--- What is needed ---
Each line of the records below that holds "Glass" should be returned.
___ Provided records
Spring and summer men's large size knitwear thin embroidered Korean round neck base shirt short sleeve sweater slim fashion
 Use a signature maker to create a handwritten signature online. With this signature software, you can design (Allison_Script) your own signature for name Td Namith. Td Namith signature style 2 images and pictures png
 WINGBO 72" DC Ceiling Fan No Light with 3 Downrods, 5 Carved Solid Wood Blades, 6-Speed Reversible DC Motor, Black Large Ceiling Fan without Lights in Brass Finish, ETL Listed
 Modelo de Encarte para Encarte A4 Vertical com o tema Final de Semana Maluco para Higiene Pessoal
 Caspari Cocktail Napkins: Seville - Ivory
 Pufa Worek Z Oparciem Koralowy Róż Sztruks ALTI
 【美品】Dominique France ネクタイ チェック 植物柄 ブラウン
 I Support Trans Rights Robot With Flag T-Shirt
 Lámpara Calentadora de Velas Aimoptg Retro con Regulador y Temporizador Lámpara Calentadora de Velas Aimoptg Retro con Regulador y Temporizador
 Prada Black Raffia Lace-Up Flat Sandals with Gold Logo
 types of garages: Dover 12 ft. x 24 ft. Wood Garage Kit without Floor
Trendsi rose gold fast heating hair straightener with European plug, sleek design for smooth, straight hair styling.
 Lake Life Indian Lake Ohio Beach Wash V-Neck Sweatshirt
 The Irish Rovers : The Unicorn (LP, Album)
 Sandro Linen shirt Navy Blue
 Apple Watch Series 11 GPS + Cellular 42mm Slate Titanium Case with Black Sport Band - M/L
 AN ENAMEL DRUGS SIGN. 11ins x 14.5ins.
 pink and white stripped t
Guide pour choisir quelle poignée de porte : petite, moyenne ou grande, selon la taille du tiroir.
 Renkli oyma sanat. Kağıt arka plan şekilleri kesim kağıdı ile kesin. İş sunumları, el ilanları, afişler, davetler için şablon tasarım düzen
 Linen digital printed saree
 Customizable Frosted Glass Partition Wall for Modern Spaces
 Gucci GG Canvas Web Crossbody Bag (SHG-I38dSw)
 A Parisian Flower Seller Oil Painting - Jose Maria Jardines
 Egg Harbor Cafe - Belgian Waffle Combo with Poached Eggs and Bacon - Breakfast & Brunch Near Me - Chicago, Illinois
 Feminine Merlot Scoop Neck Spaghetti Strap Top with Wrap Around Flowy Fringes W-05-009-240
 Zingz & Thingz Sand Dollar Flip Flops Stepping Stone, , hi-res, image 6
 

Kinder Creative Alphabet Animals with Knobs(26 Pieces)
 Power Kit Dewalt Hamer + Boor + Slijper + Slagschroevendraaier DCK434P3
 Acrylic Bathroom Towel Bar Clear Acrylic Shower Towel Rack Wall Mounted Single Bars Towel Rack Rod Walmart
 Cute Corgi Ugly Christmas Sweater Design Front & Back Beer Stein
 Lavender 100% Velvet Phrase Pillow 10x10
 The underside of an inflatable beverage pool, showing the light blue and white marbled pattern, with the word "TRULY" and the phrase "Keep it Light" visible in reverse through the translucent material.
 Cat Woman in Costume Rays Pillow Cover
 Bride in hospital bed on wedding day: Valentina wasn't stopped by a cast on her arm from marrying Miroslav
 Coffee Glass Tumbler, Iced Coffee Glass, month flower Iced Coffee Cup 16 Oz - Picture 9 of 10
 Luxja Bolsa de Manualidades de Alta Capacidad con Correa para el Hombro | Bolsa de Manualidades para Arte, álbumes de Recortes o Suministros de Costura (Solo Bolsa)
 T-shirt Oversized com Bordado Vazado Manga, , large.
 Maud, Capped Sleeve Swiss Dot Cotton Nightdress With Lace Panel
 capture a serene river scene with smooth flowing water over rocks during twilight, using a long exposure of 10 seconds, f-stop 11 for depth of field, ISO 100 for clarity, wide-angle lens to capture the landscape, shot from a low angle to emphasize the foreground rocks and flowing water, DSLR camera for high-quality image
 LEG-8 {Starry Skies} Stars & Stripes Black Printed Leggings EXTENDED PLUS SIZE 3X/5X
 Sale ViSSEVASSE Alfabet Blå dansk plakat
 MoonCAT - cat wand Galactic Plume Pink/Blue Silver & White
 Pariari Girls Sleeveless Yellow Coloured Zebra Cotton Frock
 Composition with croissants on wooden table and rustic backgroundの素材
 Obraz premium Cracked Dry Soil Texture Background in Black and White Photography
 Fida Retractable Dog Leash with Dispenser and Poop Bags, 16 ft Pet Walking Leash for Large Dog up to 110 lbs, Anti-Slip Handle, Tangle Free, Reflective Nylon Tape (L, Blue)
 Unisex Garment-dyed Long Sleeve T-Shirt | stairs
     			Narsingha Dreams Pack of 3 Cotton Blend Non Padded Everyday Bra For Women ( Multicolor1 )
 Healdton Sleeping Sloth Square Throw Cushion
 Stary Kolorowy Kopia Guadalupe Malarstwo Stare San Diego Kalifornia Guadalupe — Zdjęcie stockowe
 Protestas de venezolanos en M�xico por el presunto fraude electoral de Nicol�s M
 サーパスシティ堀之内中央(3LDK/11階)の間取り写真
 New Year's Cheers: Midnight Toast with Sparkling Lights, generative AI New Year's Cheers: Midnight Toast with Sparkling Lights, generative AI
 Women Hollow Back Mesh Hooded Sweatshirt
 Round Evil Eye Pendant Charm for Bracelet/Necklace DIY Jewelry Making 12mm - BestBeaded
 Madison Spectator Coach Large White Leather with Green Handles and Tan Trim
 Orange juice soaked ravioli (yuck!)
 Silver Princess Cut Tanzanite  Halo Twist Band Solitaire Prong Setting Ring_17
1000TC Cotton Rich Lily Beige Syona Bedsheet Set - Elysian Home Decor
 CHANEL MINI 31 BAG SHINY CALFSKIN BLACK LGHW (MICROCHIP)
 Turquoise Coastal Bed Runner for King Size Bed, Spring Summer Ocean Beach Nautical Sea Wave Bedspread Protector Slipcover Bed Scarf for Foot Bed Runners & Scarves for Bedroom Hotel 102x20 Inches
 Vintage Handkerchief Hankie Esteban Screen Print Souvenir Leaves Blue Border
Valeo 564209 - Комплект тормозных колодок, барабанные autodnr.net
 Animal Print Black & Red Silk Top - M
______
--- Task result ---
 Customizable Frosted Glass Partition Wall for Modern Spaces
 Coffee Glass Tumbler, Iced Coffee Glass, month flower Iced Coffee Cup 16 Oz - Picture 9 of 10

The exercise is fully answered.